Unnamed: 0_level_0,Average Maths Score,Average Reading Score,% Passing Maths,% Passing Reading,% Overall Passing
School Size,Unnamed: 1_level_1,Unnamed: 2_level_1,Unnamed: 3_level_1,Unnamed: 4_level_1,Unnamed: 5_level_1
Small (<1000),72.335748,71.636864,90.806867,87.557513,79.066348
Medium (1000-2000),71.42165,70.720164,89.84656,86.714149,78.039785
Large (2000-5000),69.751809,69.576052,84.252804,83.301185,70.293507


It is evident that:
- Schools with small sizes have the highest overall passing percentage
- Schools with large sizes have the least average scores in both maths and reading

## Scores by School Type

In [12]:
# - Group the data by school type
grouped_type = per_school_summary.groupby('School Type')

# - Calculate the average math and reading scores
average_math_score = grouped_type['Average Maths Score'].mean()
average_reading_score = grouped_type['Average Reading Score'].mean()
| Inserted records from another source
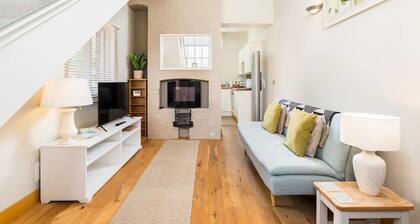 CV37 9HF The Tack Room Shottery · Charming 1Bed in Shottery with secure Parking | Pass The Keys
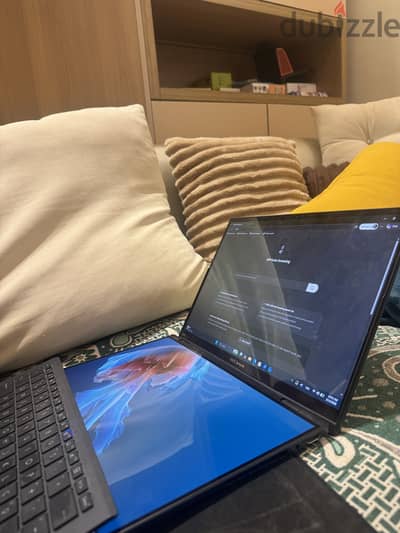 Asus Zenbook Dual screen - UX8406M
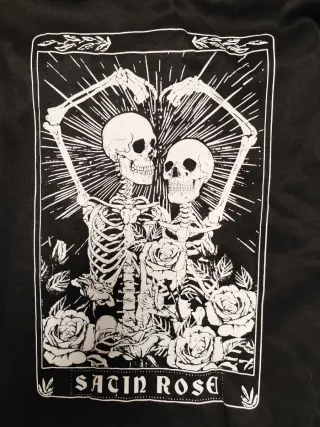 Sudadera Negra Calaveras. Talla XL.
# - Calculate the percentage passing math, reading, and overall passing rate
passing_math = grouped_type['% Passing Maths'].mean()
passing_reading = grouped_type['% Passing Reading'].mean()
overall_passing_rate = grouped_type['% Overall Passing'].mean()
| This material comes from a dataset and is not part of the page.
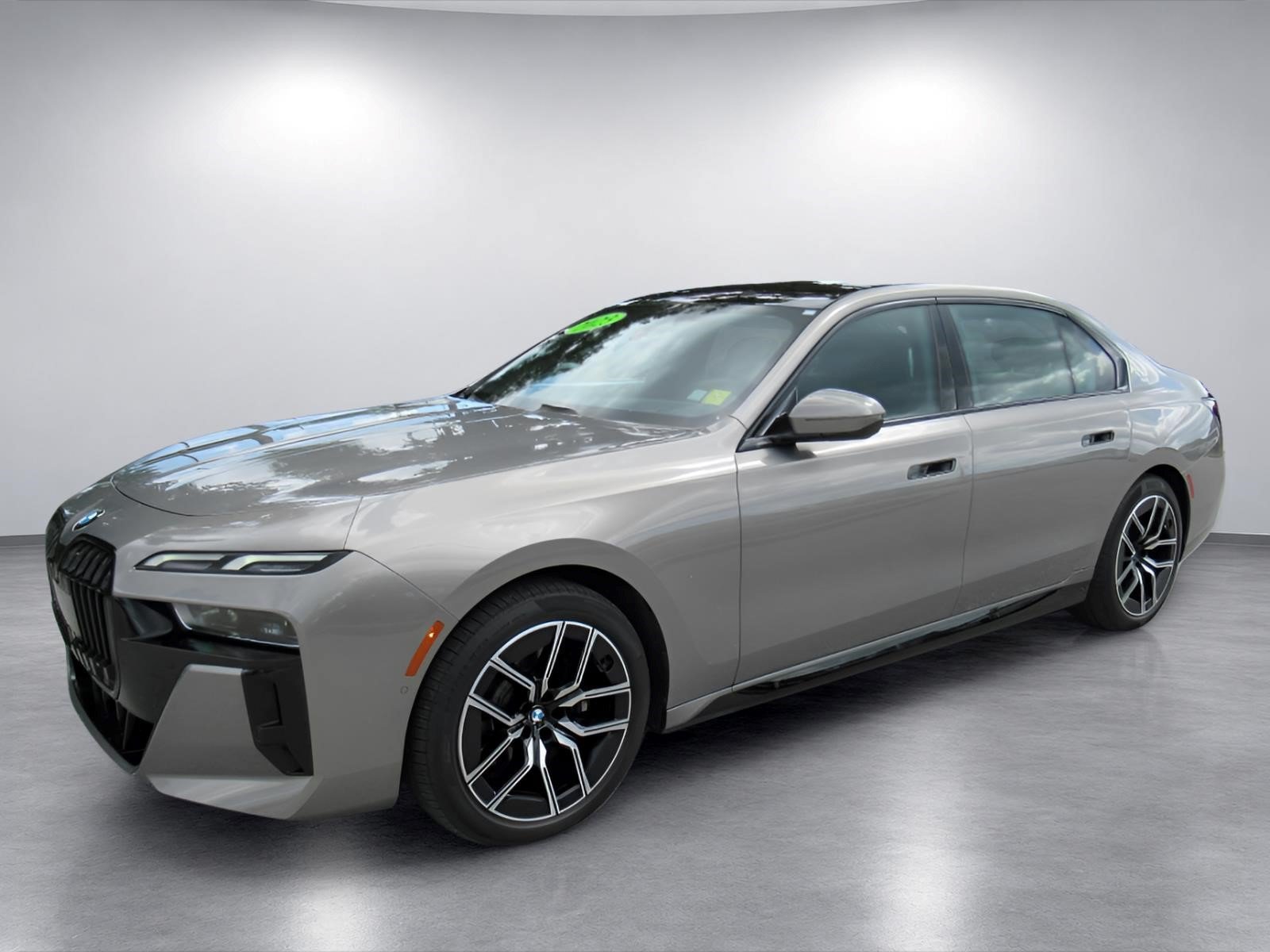 Used 2023 BMW 740i RWD image 4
# - Create a DataFrame to display the results
type_summary = pd.DataFrame({
    'Average Maths Score': average_math_score,
    'Average Reading Score': average_reading_score,
    '% Passing Maths': passing_math,
    '% Passing Reading': passing_reading,
    '% Overall Passing': overall_passing_rate
})

# Display the result
type_summary

Unnamed: 0_level_0,Average Maths Score,Average Reading Score,% Passing Maths,% Passing Reading,% Overall Passing
School Type,Unnamed: 1_level_1,Unnamed: 2_level_1,Unnamed: 3_level_1,Unnamed: 4_level_1,Unnamed: 5_level_1
Government,69.834806,69.675929,84.462375,83.587562,70.698993
Independent,71.368822,70.718933,89.204043,86.247789,76.97334


From the above summary we can conclude that:
- Generally, government schools have lower average scores for both maths and reading
- Consequently, government schools have lower overall passing percentage compared to the independent schools

## Written Report

### Summary

Overall, this analysis provides valuable insights into school performance, enabling educators and policymakers to make informed decisions to improve educational outcomes for students.

Here are the main findings:

- **Total Schools and Students:** There are a total of 15 schools in the dataset, with a combined student population of 39,170.

- **Passing Rates:** Approximately 86.08% of students passed math, while 84.43% passed reading. An impressive 72.81% of students passed both math and reading, indicating a strong overall performance.

### Conclusions

1. **Consistency in Top Schools:** The top-performing schools exhibit a consistent level of excellence, with minimal variations in their overall passing percentages. This suggests that these schools have effective strategies in place to maintain high academic standards.

2. **Impact of School Type:** Independent schools outperform government schools in terms of average scores and overall passing rates. This highlights the potential benefits of different governance models and the need for targeted improvements in government-funded education.